* [Activity] Return the lines below exactly, please, from the one containing "Hi guys, I'm" through the last one, both included, and leave out any pictures.

* [Recorded data]
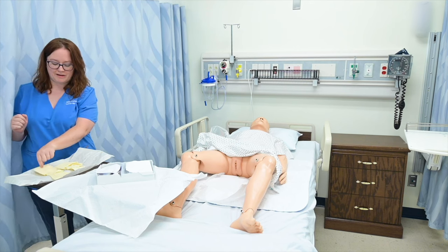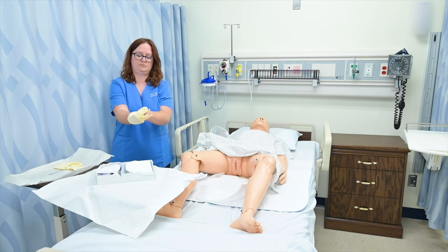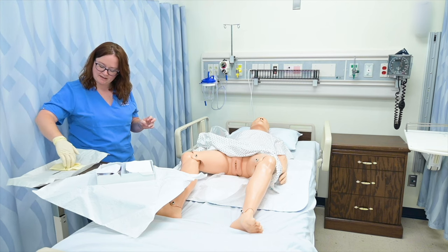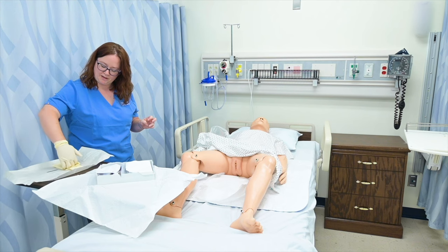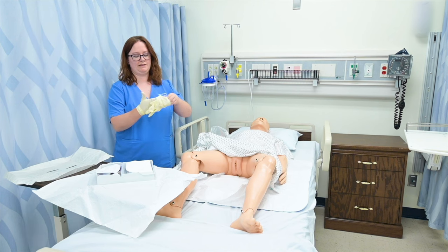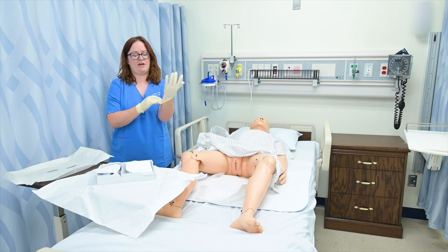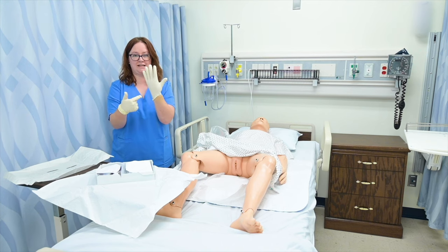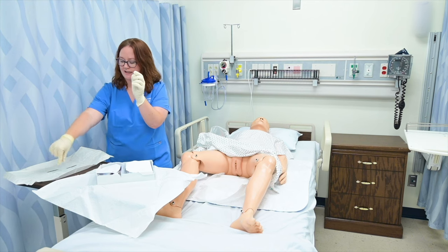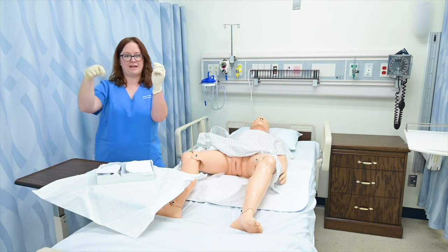I'm going to pick up my dominant cuff with my non-dominant hand. Then using my fingers of my dominant hand, I'm going to scoop up my non-dominant cuff, keeping my thumb out and roll it on. I can't fix the rolling part because it's already touched my skin — that's just how they go on. Then I can move this, touch it from the center, and discard it in the trash without dropping my hands below my waist.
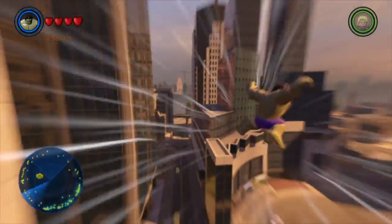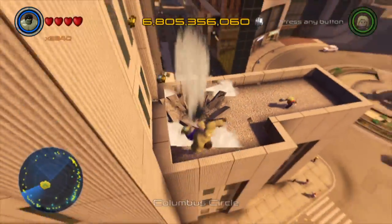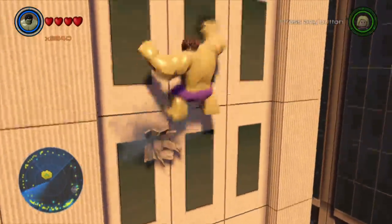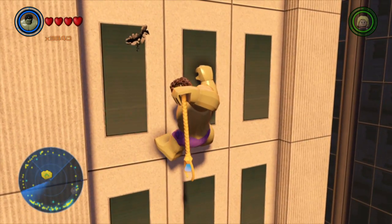Hi guys, I'm making a YouTube video. I don't know if you could actually do this, but you could just go and climb a wall as Hulk, then you can press square and he takes out a random thing.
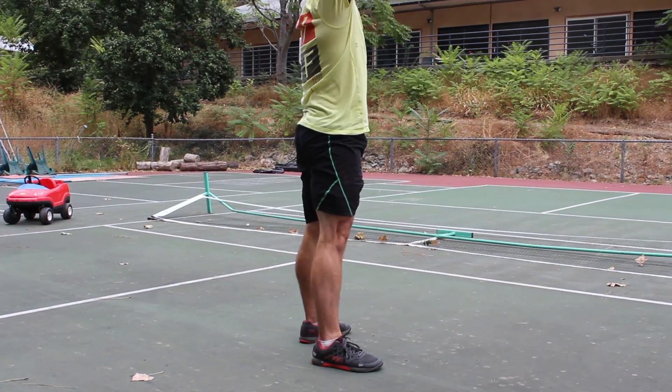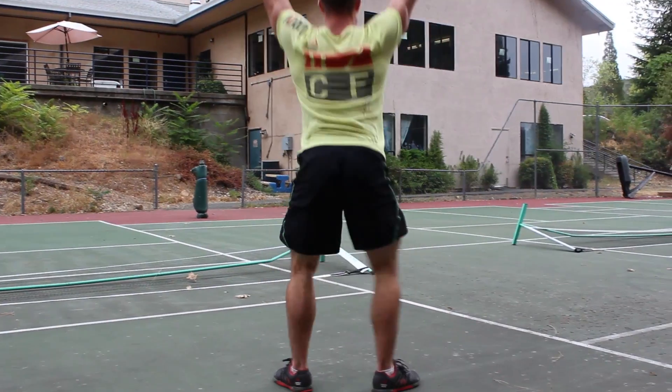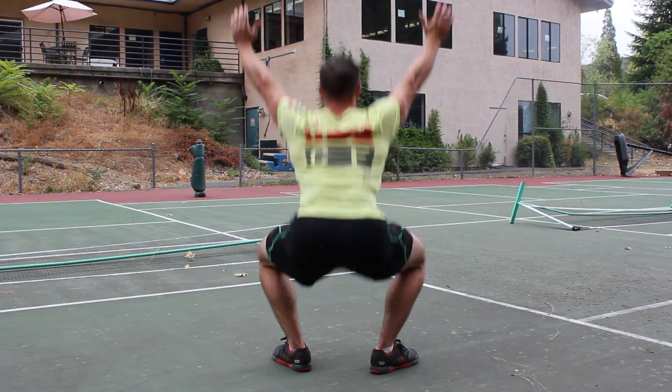If you master the air squat, it's going to transfer over to all your other exercises. CrossFit really is all about squat school, and if you get really, really good at the squat, then you're going to get really, really good at everything else. Tune in to all our other bodyweight series.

* [Response for this exercise]
Hi guys, I'm making a YouTube video. I don't know if you could actually do this, but you could just go and climb a wall as Hulk, then you can press square and he takes out a random thing.
If you master the air squat, it's going to transfer over to all your other exercises. CrossFit really is all about squat school, and if you get really, really good at the squat, then you're going to get really, really good at everything else. Tune in to all our other bodyweight series.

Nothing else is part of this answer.